Thu Jan 11 15:17:09 EST 2018

On 01/11/2018 05:06 AM, Dru Nelson wrote:
> Given your access to the original designers (or not), what are the other
> clever design choices that this CPU pioneered?

Jeff's the guy you want to talk to, but I can provide a little industry
context. (Probably the biggest single insight experience gives you is
that the industry advances when patents EXPIRE, not when they're awarded. :)

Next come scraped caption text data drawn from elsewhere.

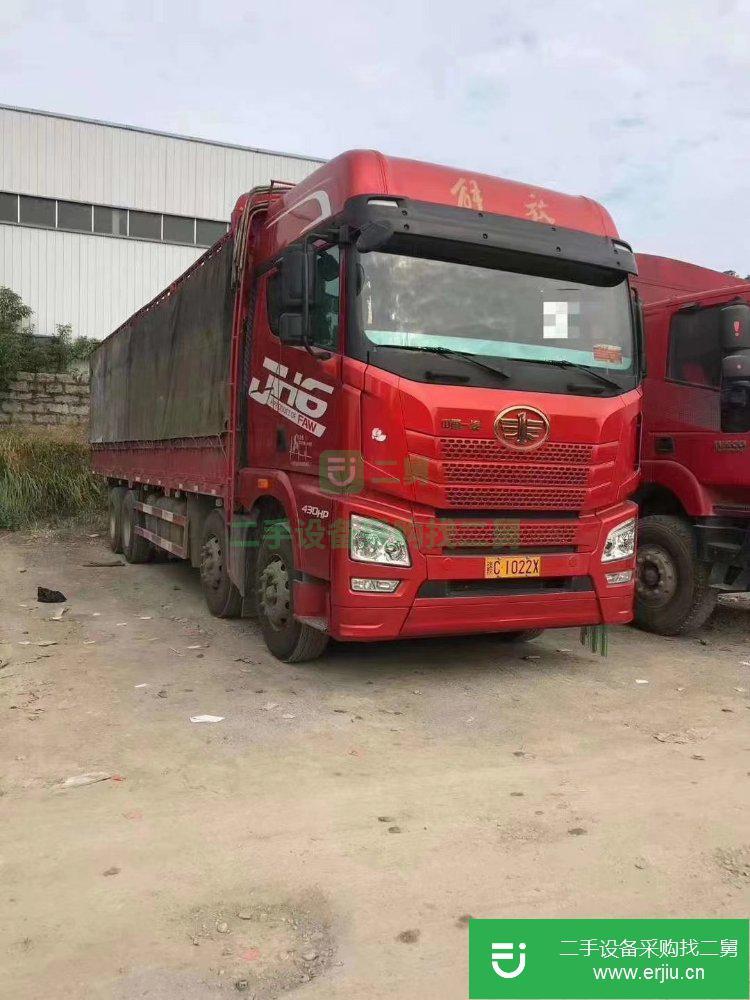 江西出售二手青島解放高欄載貨車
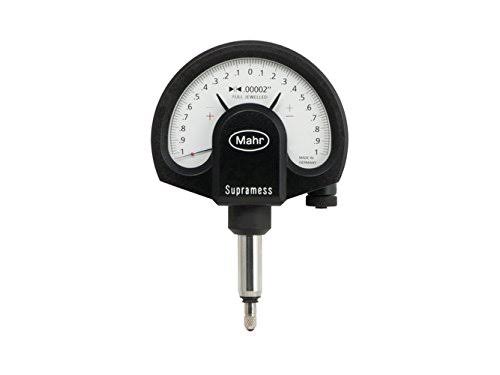 Mahr Federal 4335900 1002 Z Millimess Mechanical Dial Comparator, 0.001x22 Range, 0.00002x22 Resolution, 0.315x22 Stem, Yellow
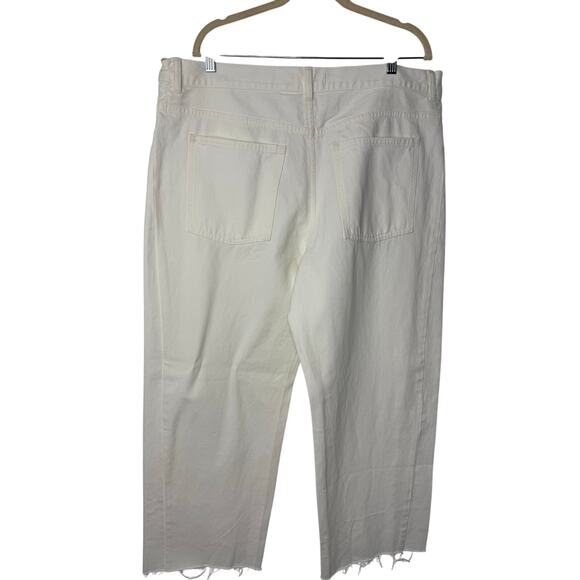 Madewell Pieced Barrel-Leg Jeans in Vintage Canvas White Women’s Size 33 NWT - Picture 3 of 12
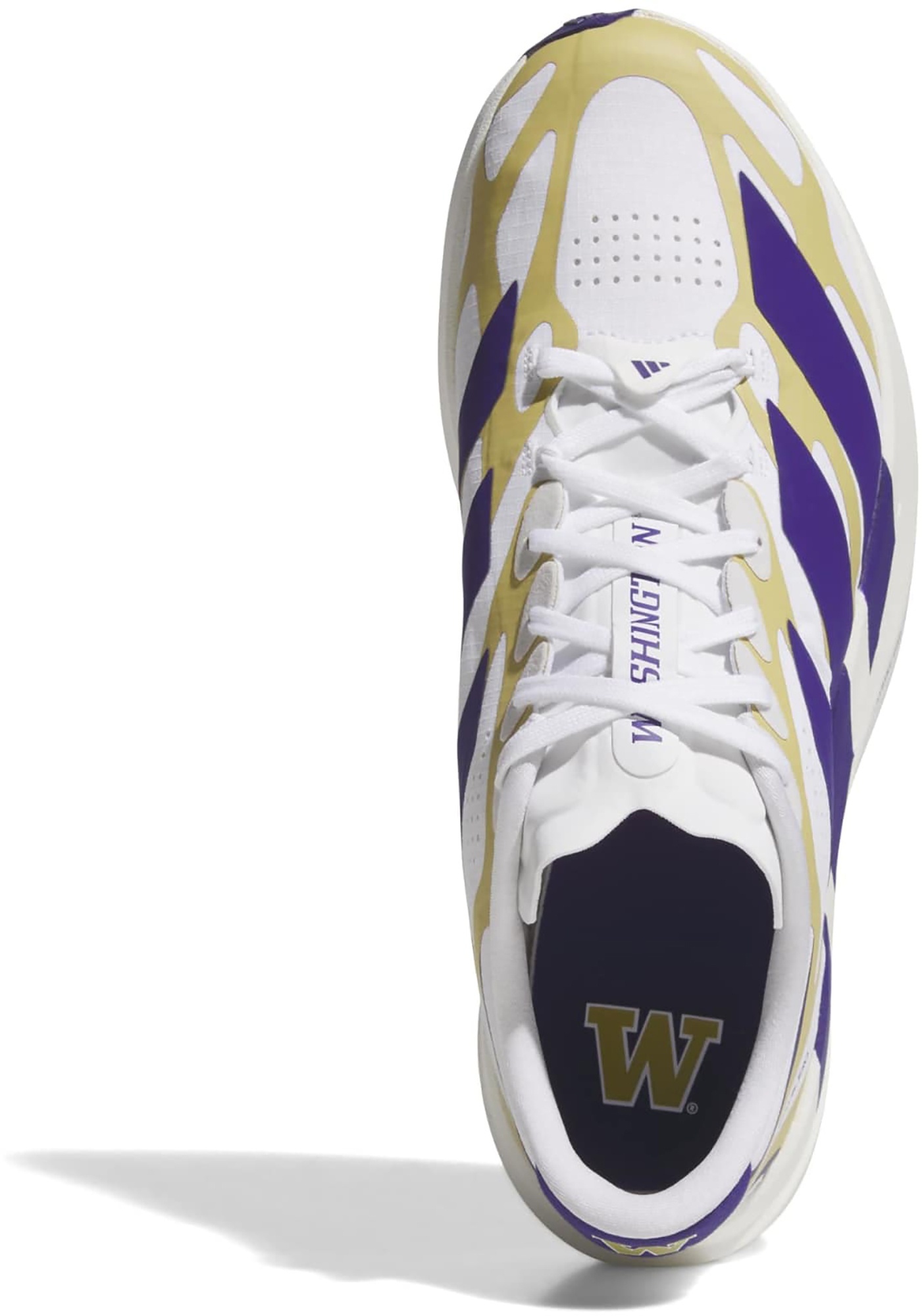 adidas Men's Adizero EVO SL EXO Washington Running Shoes - Ftwr White/Collegiate Purple.Team Sand - View 3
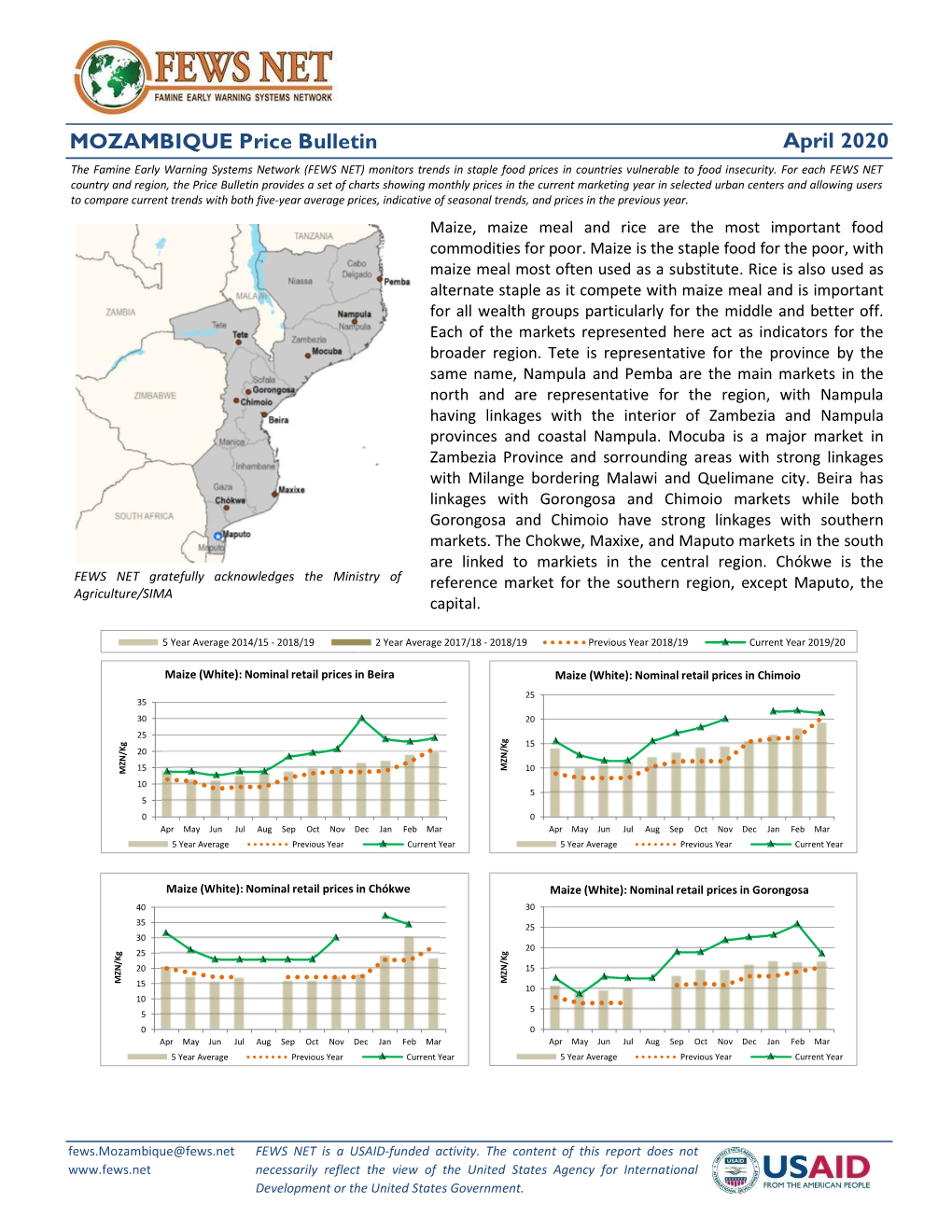 MOZAMBIQUE Price Bulletin April 2020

A few years ago I wrote up a very basic history of the last few decades
of processor design:

  http://landley.net/aboriginal/architectures.html#when

And before that I wrote a slightly more detailed one which is mirrored at:

  http://landley.net/writing/mirror/fool/todo/rulemaker000222.htm
  http://landley.net/writing/mirror/fool/todo/rulemaker000223.htm
  http://landley.net/writing/mirror/fool/todo/rulemaker000224.htm
  http://landley.net/writing/mirror/fool/todo/rulemaker000225.htm

(It's a bit intel-centric because I was writing it in context of a stock
market investment column tracking intel, but it gets the general idea
across. It was written in 2000 which is right at the tail end of sh2/3/4
coming out and the hand off to Renesas that stopped interesting new
development on the line.)

But to understand any of that you need to understand die size shrinks
first (which is what drove moore's law through its whole ~50 year
s-curve from about 1960 to 2010), which I wrote about in my old "what
Intel does for a living" series at:

  http://landley.net/writing/mirror/fool/CashKingPort980421.html
  http://landley.net/writing/mirror/fool/CashKingPort980421.html
  http://landley.net/writing/mirror/fool/CashKingPort980421.html

Here's a quick attempt to summarize:

Back in the 1970's CISC designs had variable length instructions that
took a variable number of clock cycles to execute, which acted as a form
of data compression, making your instruction set small and expressive so
you could fit more of it in cache and send less data across the memory
bus. The downside is it was complicated, full of special cases such as
instructions crossing cache line boundaries or combinations of prefix
and opcode the designers never anticipated (ala the foof bug).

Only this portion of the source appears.